◆ INPUT DATA
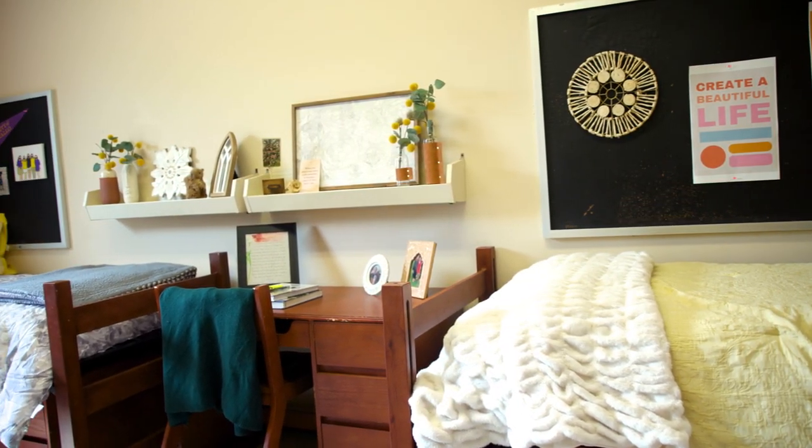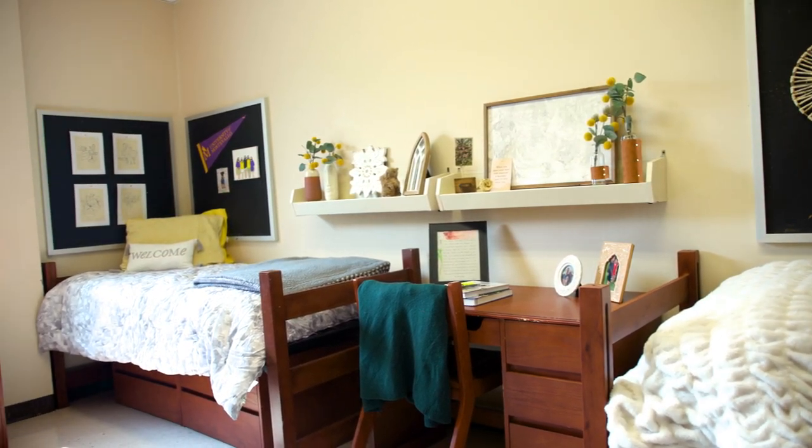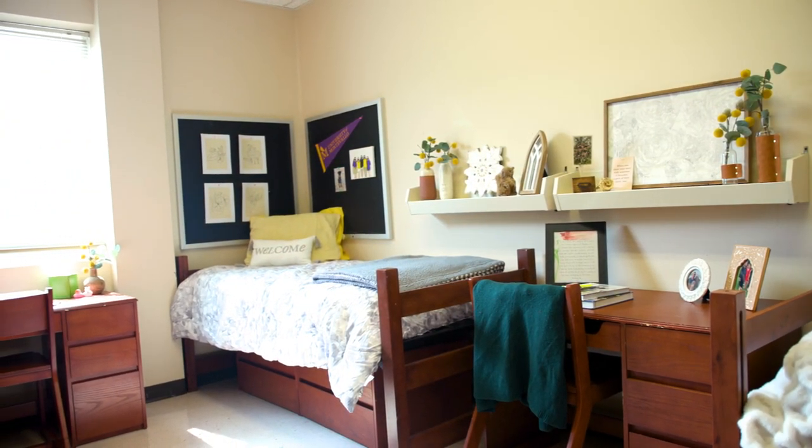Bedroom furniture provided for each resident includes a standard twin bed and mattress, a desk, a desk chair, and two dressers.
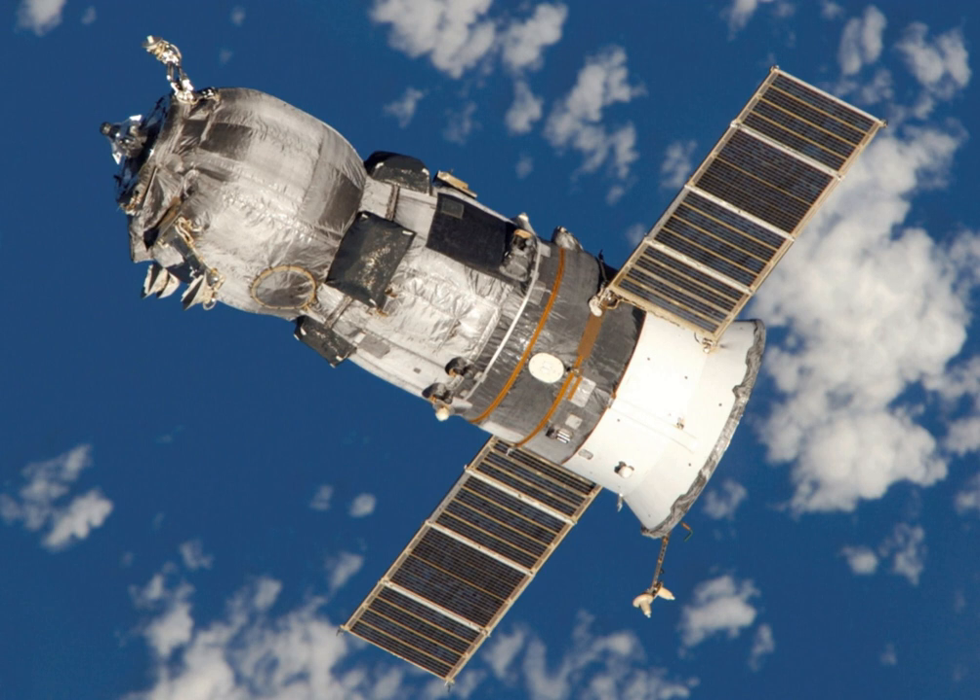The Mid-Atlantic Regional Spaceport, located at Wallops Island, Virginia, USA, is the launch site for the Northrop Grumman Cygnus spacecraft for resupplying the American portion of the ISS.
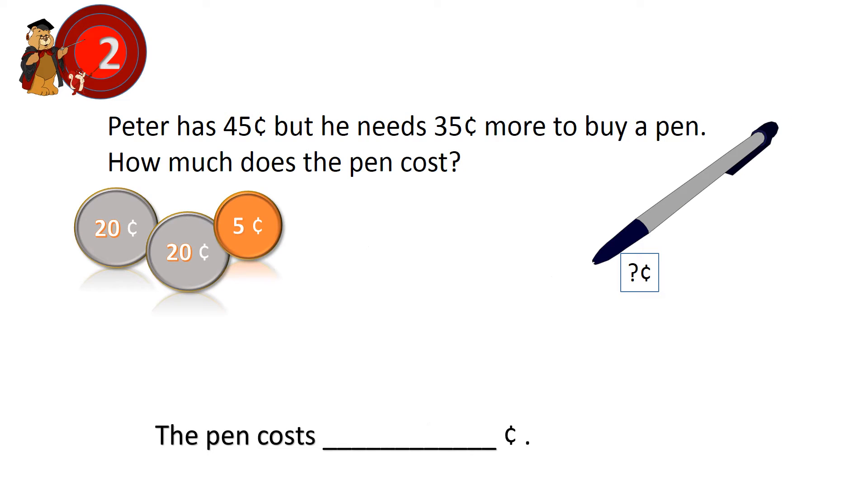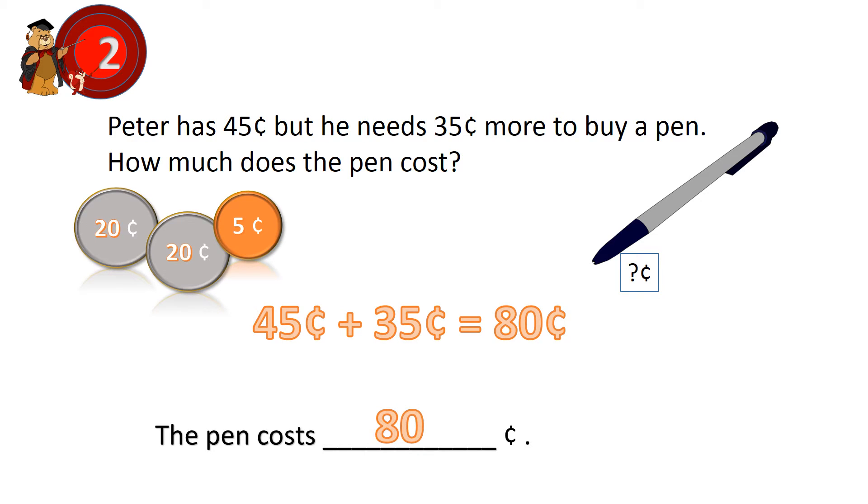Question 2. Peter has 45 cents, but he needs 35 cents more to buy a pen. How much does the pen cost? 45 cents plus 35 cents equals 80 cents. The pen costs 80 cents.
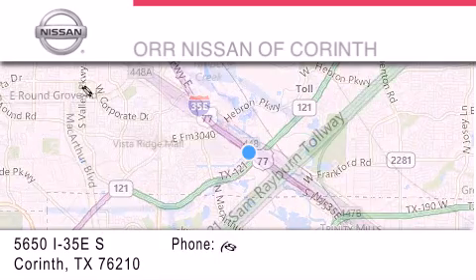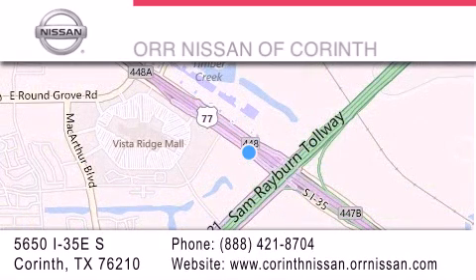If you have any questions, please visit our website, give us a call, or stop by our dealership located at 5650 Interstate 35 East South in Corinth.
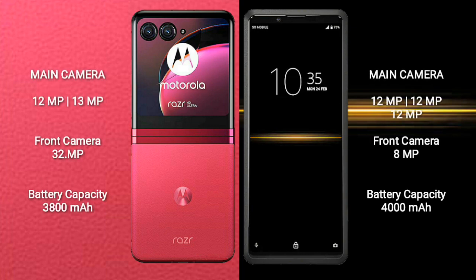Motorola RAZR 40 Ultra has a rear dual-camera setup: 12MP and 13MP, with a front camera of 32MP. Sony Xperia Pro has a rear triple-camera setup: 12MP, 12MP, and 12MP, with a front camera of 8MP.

==

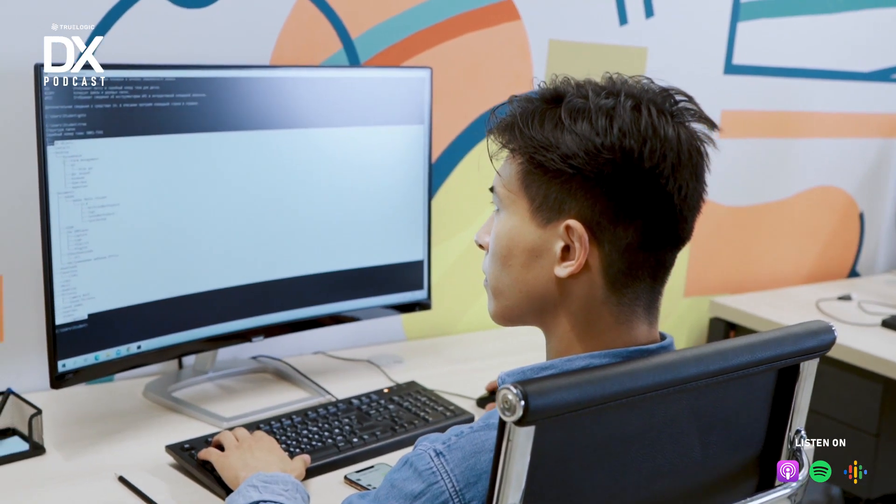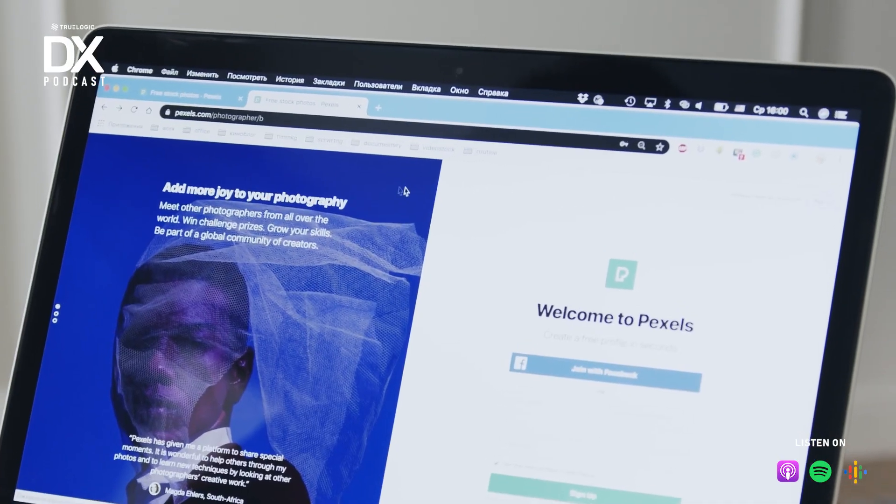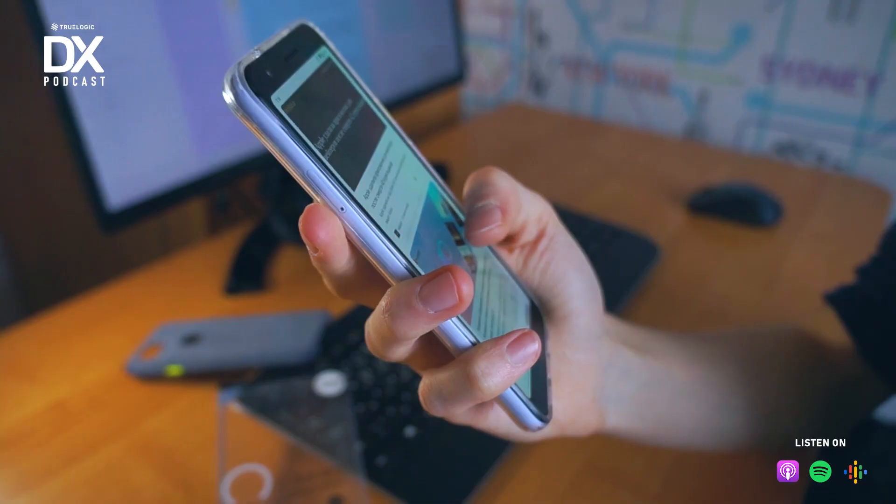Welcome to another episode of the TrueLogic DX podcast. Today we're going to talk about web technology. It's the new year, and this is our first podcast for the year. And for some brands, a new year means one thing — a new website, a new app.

--

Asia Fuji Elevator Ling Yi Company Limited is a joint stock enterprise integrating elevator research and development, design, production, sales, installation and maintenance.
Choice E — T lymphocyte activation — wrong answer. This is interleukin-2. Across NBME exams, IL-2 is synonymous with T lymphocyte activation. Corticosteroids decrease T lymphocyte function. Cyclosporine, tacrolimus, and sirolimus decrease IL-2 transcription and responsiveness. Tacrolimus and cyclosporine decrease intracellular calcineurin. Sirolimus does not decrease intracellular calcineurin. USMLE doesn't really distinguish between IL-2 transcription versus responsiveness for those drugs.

◆ WHAT IS EXPECTED
Exactly reproduce the lines above, starting at the one that contains "Bedroom furniture provided" and ending at the one that contains "Question 2. Peter", both inclusive; leave the pictures out and add no other lines.

◆ COMPLETED EXERCISE
Bedroom furniture provided for each resident includes a standard twin bed and mattress, a desk, a desk chair, and two dressers.
The Mid-Atlantic Regional Spaceport, located at Wallops Island, Virginia, USA, is the launch site for the Northrop Grumman Cygnus spacecraft for resupplying the American portion of the ISS.
Question 2. Peter has 45 cents, but he needs 35 cents more to buy a pen. How much does the pen cost? 45 cents plus 35 cents equals 80 cents. The pen costs 80 cents.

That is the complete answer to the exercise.